Welcome to the UCR Paleobiology Program
UCR has a vigorous, well established, and successful graduate program in paleontology. Paleontology forms part of the Department of Earth Sciences' Organic and Paleoenvironmental Evolution research constellation, and has links to the Department of Biology's graduate program in Evolution, Ecology and Organismal Biology. Our group consists of two faculty invertebrate paleontologists: Mary Droser and Nigel Hughes. Mary and Nigel use different approaches toward paleobiological questions, giving the UCR program unusual breadth, but we share a common commitment to field-based paleontology as a part of each of our research programs. UCR is located within a few hours drive to some of the best exposed and most dramatic sedimentary sequences in North America, and many of our students utilize this setting in their research. Most importantly, our students have been highly successful in winning excellent research and teaching positions following their training at UCR. Mark Webster, from Nigel's lab was appointed assistant professor at UCLA, and has since moved to a similar position at the University of Chicago. Brenda Hunda, also from Nigel's lab, is now curator at the Cincinnati Museum Center. Bob Gaines, from Mary's lab, is assistant professor at Pomona College, her student Bill Phelps is at Riverside Community College, and Diana Boyer is shortly to join the faculty at the State University of New York, College of Oswego as assistant professor. We consider the success of our students to be our most important priority.
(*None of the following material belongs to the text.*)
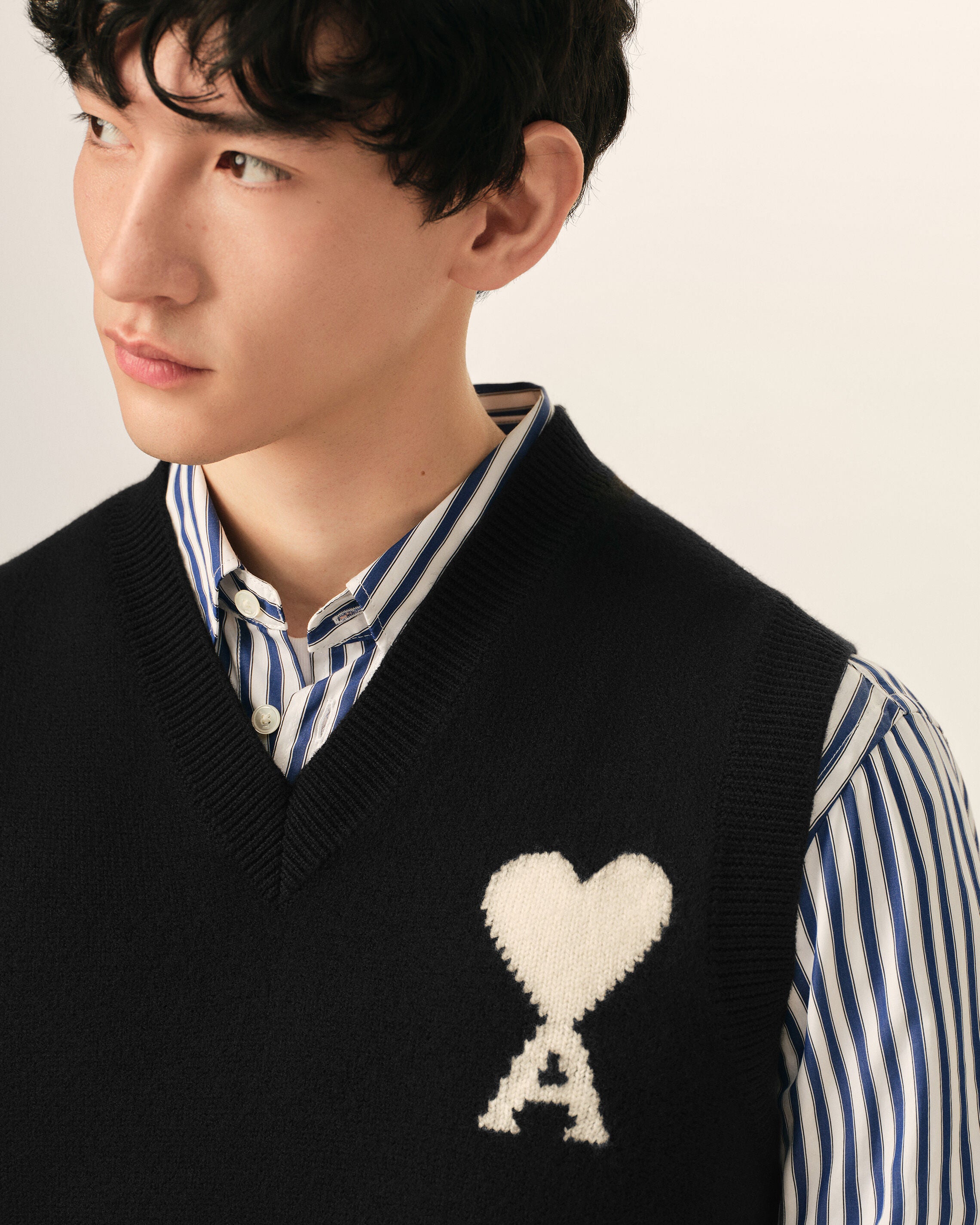 Black sleeveless wool sweater with Ami de Coeur - 4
Fieldwork unites us, but that's about it, at least in terms of research areas! Mary is an evolutionary paleoecologist, and focuses on broad questions of paleoecolgical trends through time. Nigel is a specimen-based paleobiologist interested in Paleozoic invertebrates, and he likes to measure things ... These days Mary spends a lot of field time Australia, and Nigel in Tibet, Bhutan and India.
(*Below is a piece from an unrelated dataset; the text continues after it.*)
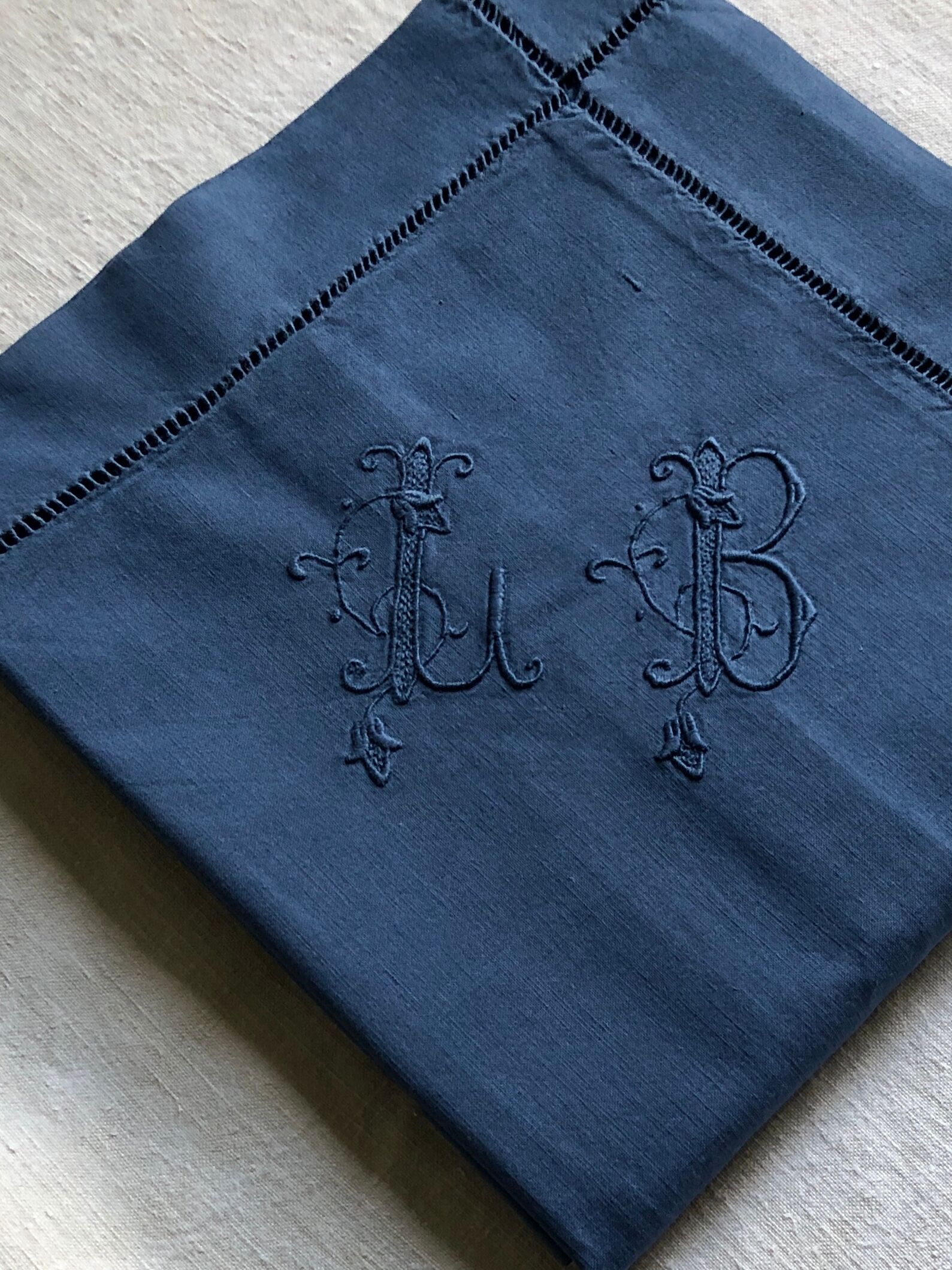 Antique night blue cotton pillowcase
Our Department has strong faculty resources in the area of paleoenvironmental reconstruction. Martin Kennedy and Tim Lyons both use inorganic geochemical approaches to understanding ancient environments and patterns of global change. Gordon Love is an organic geochemist. Our students commonly work collaboratively with these faculty and their labs. Other Departmental faculty with biological interests include stratigrapher Pete Sadler and biogeographers Rich Minnich and Tom Scott. Rich and Tom's interests are in the aspects of conservation biology and the interactions between organisms and their physical/biotic environment.
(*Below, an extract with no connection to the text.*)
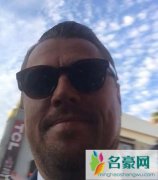 小李子直男式自拍 被调侃“死亡角度”无人能驾驭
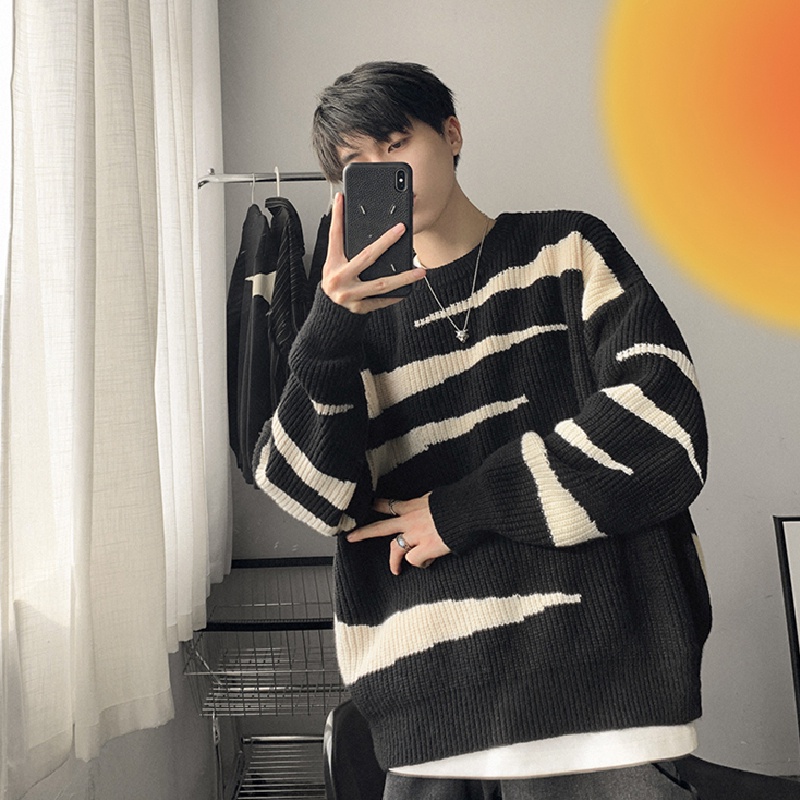 Áo sweater dệt kim cổ tròn dáng rộng kẻ sọc kiểu Hàn Quốc thời trang thu đông cho nam size M-2XL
UCR's early history as an agricultural research station has resulted in an unusually strong emphasis of biological sciences - particularly in the areas of conservation, developmental, and ecological evolutionary biology. The collaborations among campus biologists are a particularly appealing and unique aspect of the program here. Our paleontology program is integrated with the campus's graduate program in Evolution, Ecology and Organismal Biology . For those students keen to graduate with a biology degree, Mary and Nigel can both serve as principal advisors within the biology program. Our students take core classes along with a wide range of biologists and play an active role in the Ecology and Evolution seminar series. We also have an active, informal "Friends of Evolution" discussion group. A recent extramural seminar series, entitled "Mechanisms and Scales of Biotic Diversification" has brought in top rank speakers including Jim Valentine, Simon Conway Morris, Derek Briggs, Stefan Bengtson, Steve Stanley, Arnie Miller, Rudy Raff, Scott Wing, and Doug Erwin. Our annual "Gradfest" in which graduate students our get together to give informal presentations on their research, have been a significant successes.
Riverside is a pleasant town on the edge of the LA basin - near enough to downtown LA to take advantage of the many facilities offered by a major metropolitan area, but far enough to be away from the major detractors. The campus is situated at the foot of the Box Springs Mountains, and is convenient for access to a number of national parks and wilderness areas. All in all, a very attractive place to do research for a graduate degree!